Legault further explained his remarks Tuesday.

"If you have kids they'll tell you (the Asian students) are always first in class,'' Legault said. ''One of my sons was telling me, 'Yes, but they have no life.'

"There's maybe an extreme there but, here, in some cases we're a little bit at the other extreme.''

He said he doesn't blame young Quebecers at all. He said he blames older Quebecers, and parents, for not transmitting the values of hard work to youth.

Legault's remarks were ridiculed by his opponents, and quickly became an object of online scorn. ''La belle vie,'' the French phrase for ''the good life,'' became a trending topic on Twitter.

A paper by economist Valerie Ramey at the University of California at San Diego last year delved into the sensitive issue of study habits by ethnicity in the United States.

Using federal statistics from the American Time Use Survey, she concluded that Asian-American high school students averaged 13 hours of study per week over the entire calendar year — compared with 5.5 hours for white students, and even less for other students.
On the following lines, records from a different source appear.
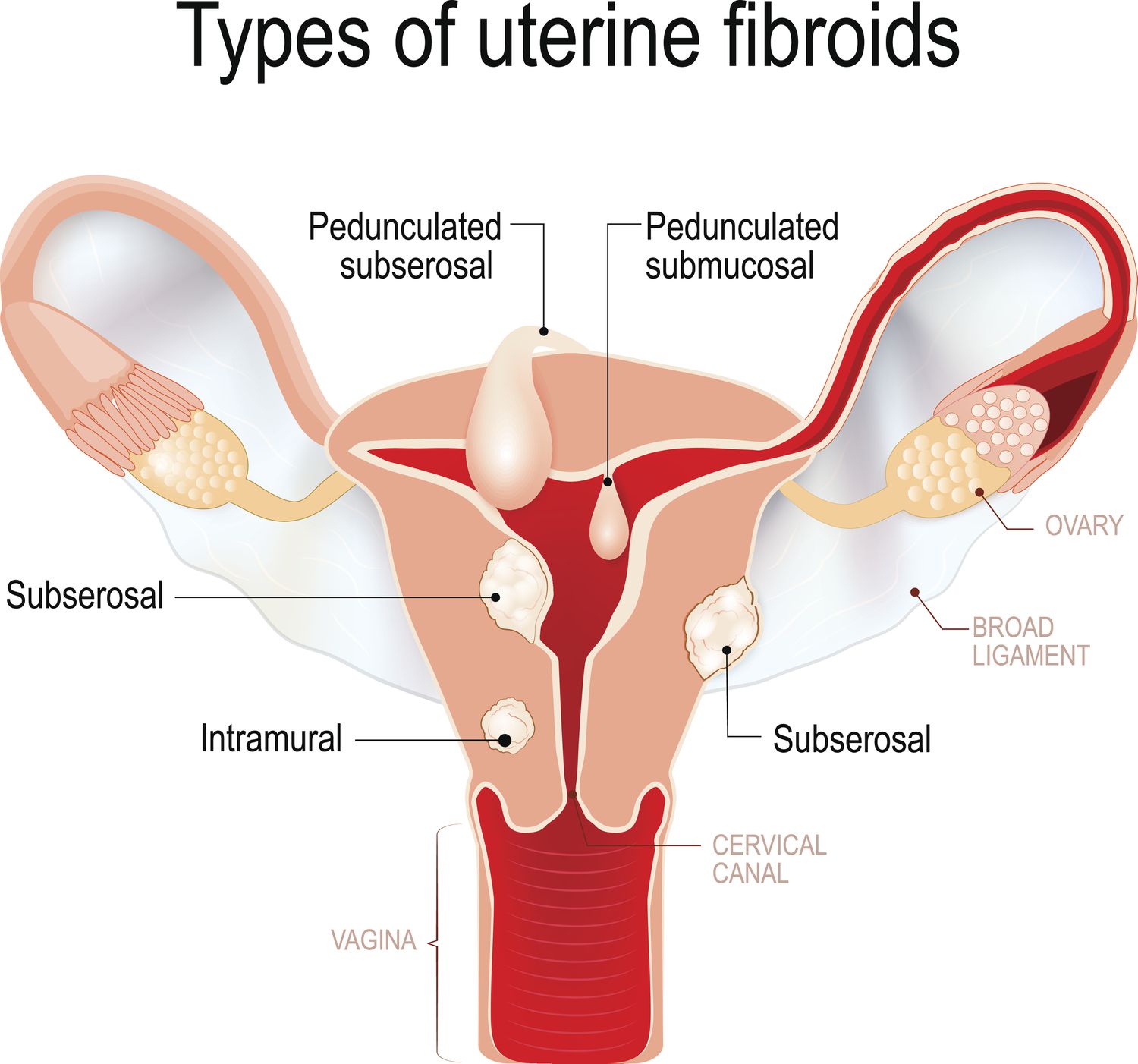 Schematic drawing of various types of uterine fibroids: subserosal, intramural, submucosal, and pedunculated fibroids. Female reproductive system (internal sex organs). uterus with broad ligament on the white background. Human anatomy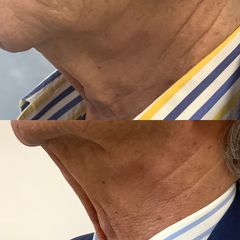 Dott. Stefano Toschi Lifting collo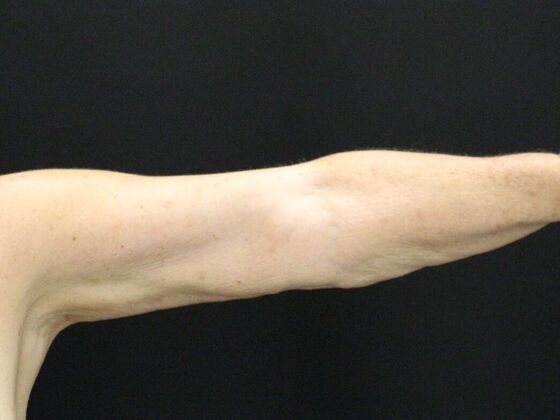 Arm Lift & Reduction: Case 8 - After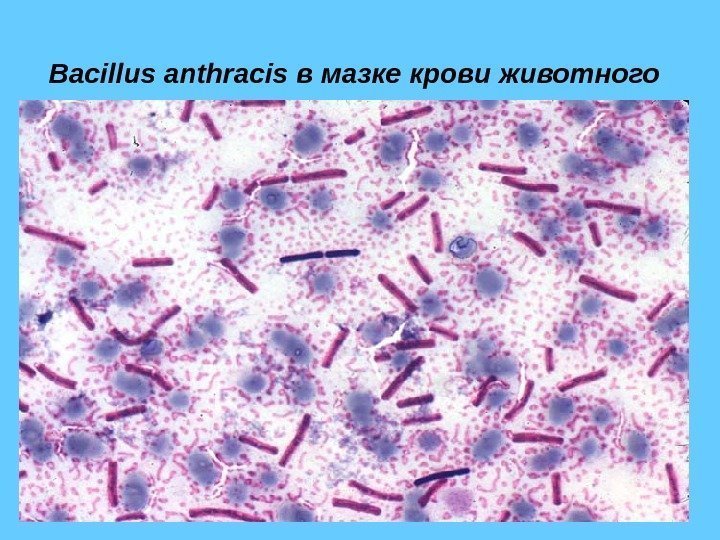 Bacillus anthracis в мазке крови животного  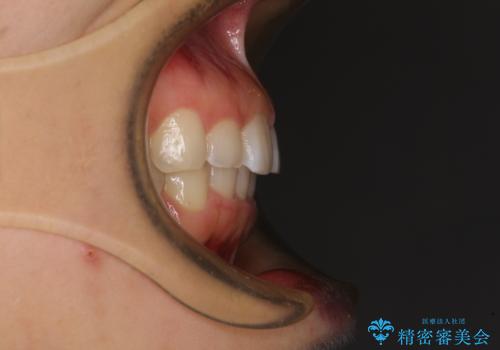 前歯のデコボコと突出感 インビザラインによる矯正治療の治療後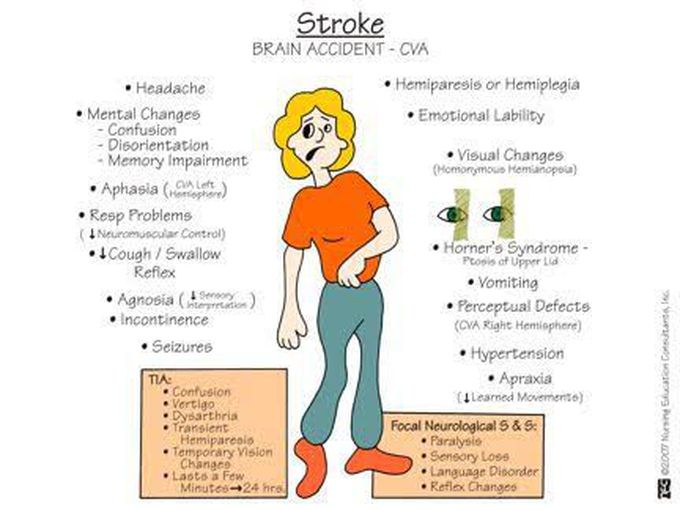 Stroke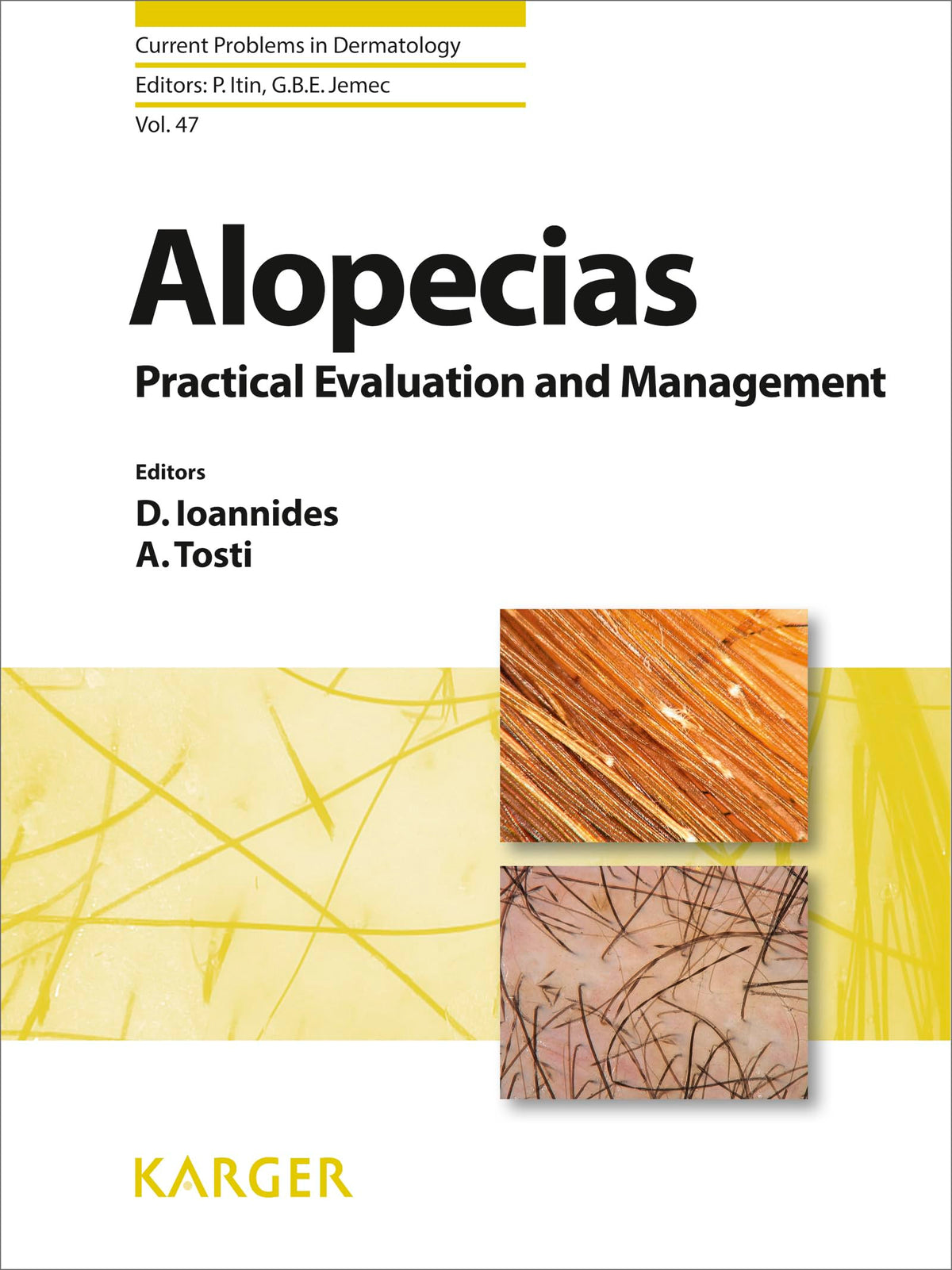 Alopecias - Practical Evaluation and Management (Current Problems in Dermatology Book 47): 1st Edition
Within Canada, Quebec students scored highest in mathematics compared to the national average, according to a study of Grade 8 students published last fall by the Council of Ministers of Education.

On a less positive note, the research also revealed Quebec students scored "significantly lower'' than the Canadian average in reading and science. Also, Statistics Canada says Quebec had the highest average high-school dropout rate of any province between 2007 and 2010.

The comments from Legault were politically charged.

Students at universities and colleges are voting this week on whether to end six-month boycotts; the turn of phrase "la belle vie'' has become famous as the term used by a tabloid columnist to deride protesters at the height of the unrest last spring.

The tuition debate has also featured questions about productivity, and whether higher fees might steer students away from social studies into the hard sciences. Legault appeared to be touching on all these themes, at a particularly sensitive moment.

Opponents said he's simply peddling junk populism.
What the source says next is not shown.